What are the implications for interest rates and investors?
- Today’s wages growth and consumer confidence data are both encouraging. Pay is lifting gradually off low levels and households remain optimistic, despite wealth headwinds associated with falling home prices and sharemarket volatility.
- Household consumption still remains a wildcard. While consumers remain positive about the solid jobs market with unemployment expectations near 71⁄2-year lows, Westpac did highlight in its annual question on consumer Christmas spending plans that “a third of Australians expect to spend less on gifts than they did last year, with 56 per cent expecting to spend about the same and just 10 per cent expecting to spend more” in the lead-up to the all-important Aussie Christmas retail trading period.
- That said, Reserve Bank forecasts continue to be met. The economy is moving in the right direction. Eventually wage growth will lift to the more ‘normal’ range of 3-4 per cent but the process will only be gradual. In the UK and US, annual wages growth has hit decade highs of around 3 per cent in recent months with unemployment rates of 3.7–4.1 per cent.
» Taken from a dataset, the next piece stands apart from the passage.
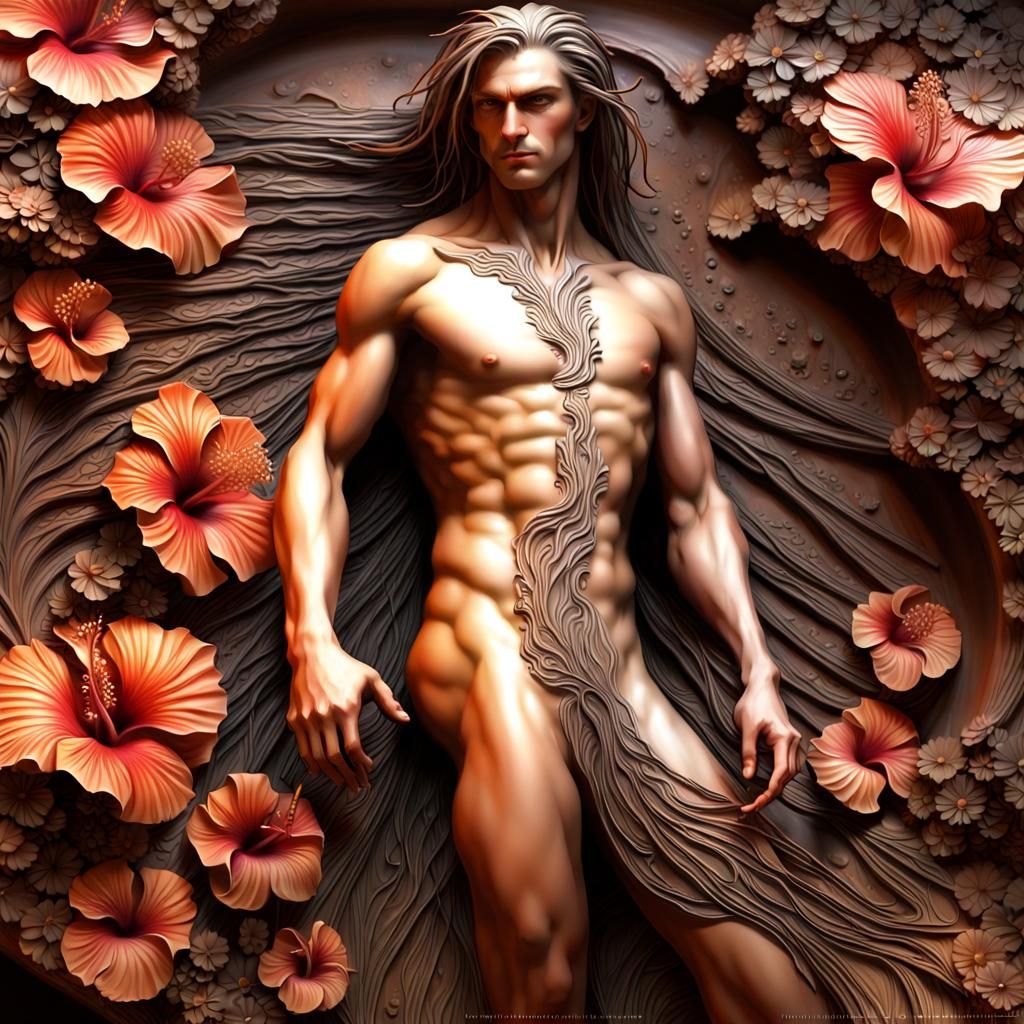 Earthy Male Sculpture with Floral Fractal Details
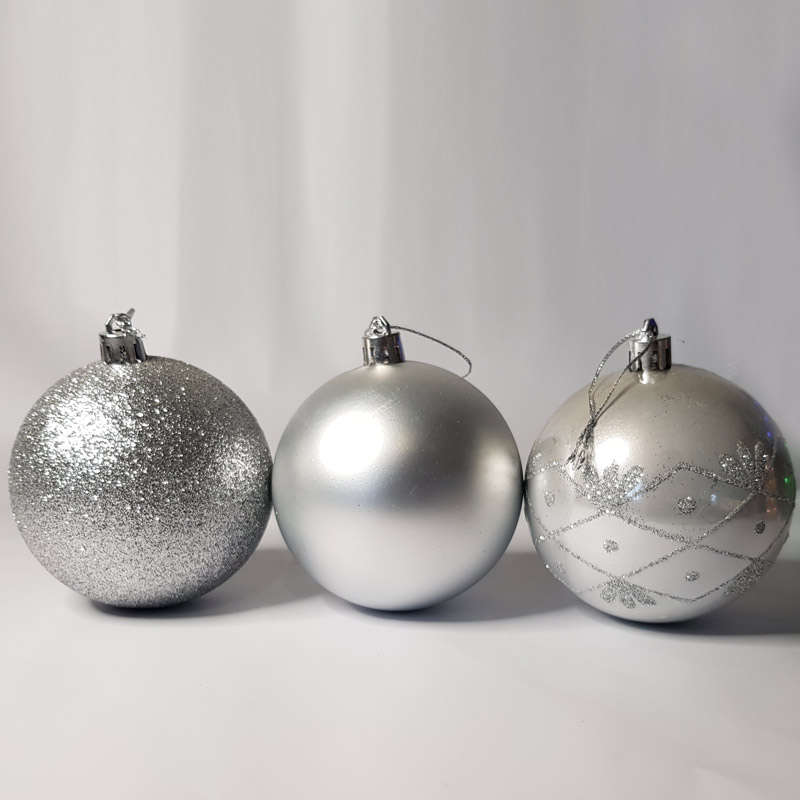 Big Christmas Tree Baubles - Christmas Balls 6 Pack - Silver Tones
- There is still spare capacity in the Aussie labour market and the unemployment rate will need to come down further for wage growth to lift inflation. For example, in NSW and Victoria, the unemployment rates are around 4.4-4.5 per cent, but annual wages growth is still 2.4-2.5 per cent in both states. All eyes are now on tomorrow’s jobs report release.
- CommSec doesn’t expect a change in interest rates until late 2019.